VwSen-300130/8/Weg/Km Linz, am 13. Mai 1997 DVR.0690392

E r k e n n t n i s

Der unabhängige Verwaltungssenat des Landes Oberösterreich hat durch seine 1. Kammer (Vorsitzender: Dr. Guschlbauer, Berichter: Dr. Wegschaider, Beisitzer: Dr. Keinberger) über die Berufung der E B, vertreten durch die Rechtsanwälte Dr. A Pr und Dr. P L, vom 7. November 1996 gegen das Straferkenntnis der Bezirkshauptmannschaft Braunau am Inn vom 22. Oktober 1996, Pol96-284-1995-W, wegen Übertretung des O.ö. Polizeistrafgesetzes nach der am 12. Mai 1997 durchgeführten öffentlichen mündlichen Verhandlung zu Recht erkannt:

I.  Der Berufung wird hinsichtlich der Erfüllung des Tatbildes im Sinne des § 2 Abs.3 lit.c O.ö. Polizeistrafgesetz keine Folge gegeben und diesbezüglich das angefochtene Straferkenntnis bestätigt.

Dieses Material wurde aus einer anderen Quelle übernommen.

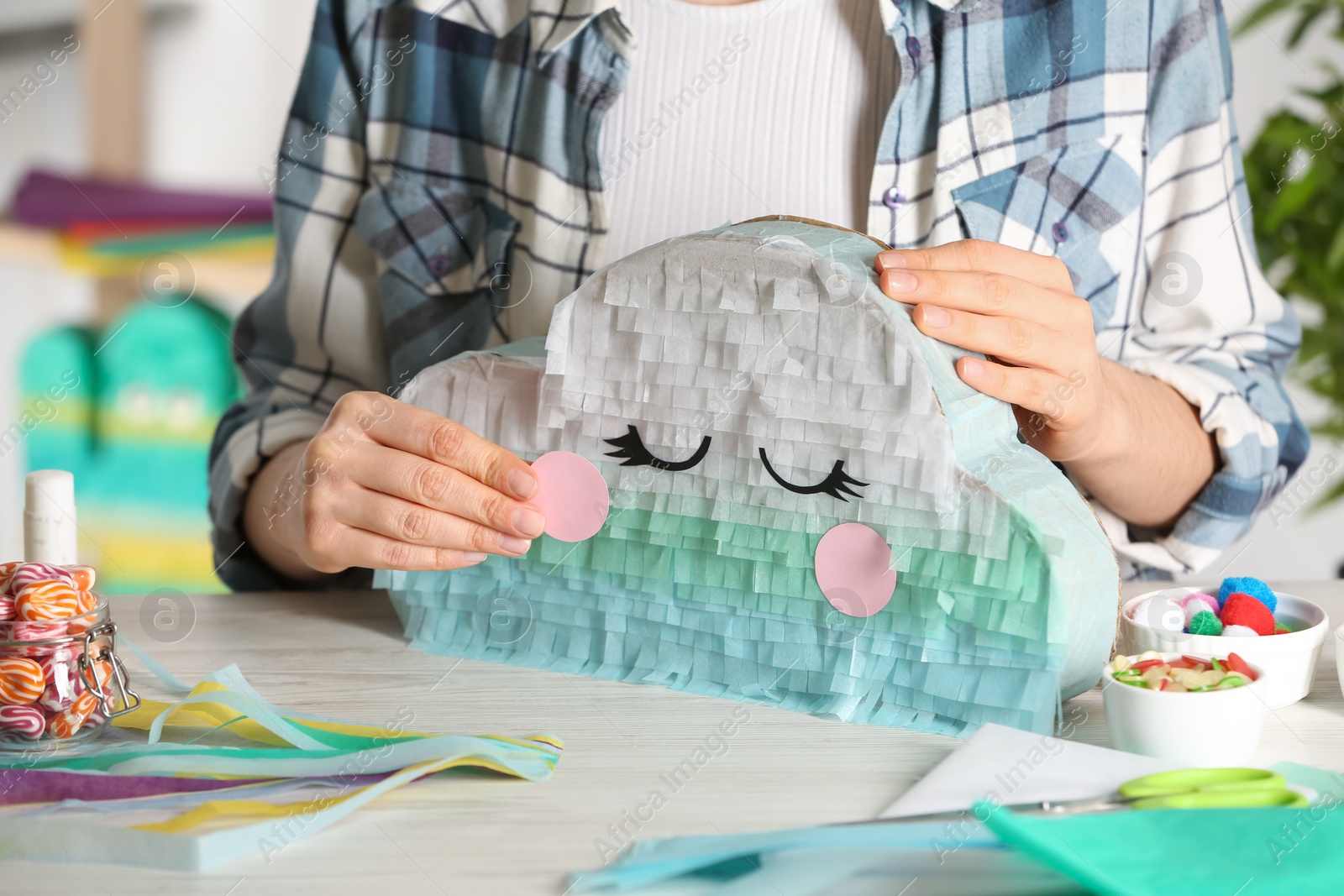 Photo of Woman decorating cardboard cloud at white wooden table, closeup. Pinata diy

II. Dem Eventualantrag auf Herabsetzung der Strafe wird Folge gegeben und die Geldstrafe auf 5.000 S reduziert, die Ersatzfreiheitsstrafe vermindert sich auf 30 Stunden.

III. Der Kostenbeitrag zum Strafverfahren vor der ersten Instanz vermindert sich auf 500 S. Ein Kostenbeitrag zum Berufungsverfahren war nicht vorzuschreiben.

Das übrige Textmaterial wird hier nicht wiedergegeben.